Torrigiano, Pietro (or Pietro Torrigiani) (
b Florence, 22 Nov. 1472;
d Seville, July/Aug. 1528). Florentine sculptor, active outside Italy for most of his career, particularly in England. He trained under
Bertoldo in the
Medici ‘academy’ and in a quarrel he broke the nose of his fellow student
Michelangelo, permanently disfiguring him. This assault on his favourite is said to have so angered Lorenzo de' Medici that Torrigiano fled Florence and in the 1490s he seems to have worked mainly in Rome; he is also said to have spent some time as a mercenary soldier (
Cellini says that he had ‘a most arrogant spirit, with the air of a great warrior rather than a sculptor’). In 1504 he is documented in Avignon, and in 1509–10 he worked in the Netherlands for Margaret of Austria (see
Habsburg). By 1511 he had moved to England (probably following an earlier visit,
c.1507–8), and it was there that he created his most important works, chief among them the tomb of Henry VII and his wife Elizabeth of York (1512–18, Westminster Abbey), which has been described by
Pope-Hennessy as ‘the finest
Renaissance tomb north of the Alps’. The two sensitive bronze effigies have a
Gothic elegance, but the figures of child angels at the corners of the tomb and the exquisite decorative work introduced a pure Renaissance style into England.

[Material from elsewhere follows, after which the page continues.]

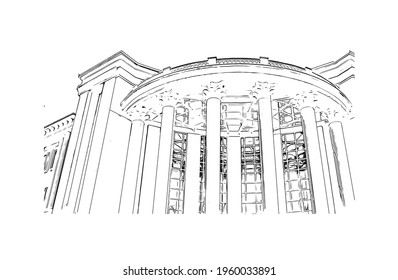 Building view with landmark of Durres is the 
city in Albania. Hand drawn sketch illustration in vector.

It had little immediate influence, however, in a country where the medieval tradition in art was still so vigorous.
In 1519 Torrigiano was commissioned to make a companion tomb for Henry VIII and his then wife Catherine of Aragon, and he visited Florence to recruit help; Cellini (who turned down the invitation when he learned that Torrigiano had broken his hero's nose) says that he continually boasted of his ‘gallant feats among those beasts of Englishmen’. Torrigiano brought several Italian artists to England (including perhaps Giovanni II da
Maiano), but the tomb was abandoned when he moved to Spain in about 1522. According to
Vasari, his notoriously violent temper led to his death; infuriated by low payment for a statue of the Virgin and Child, he smashed the work, was imprisoned for this sacrilege, and starved himself to death (possibly to avoid the shame of execution).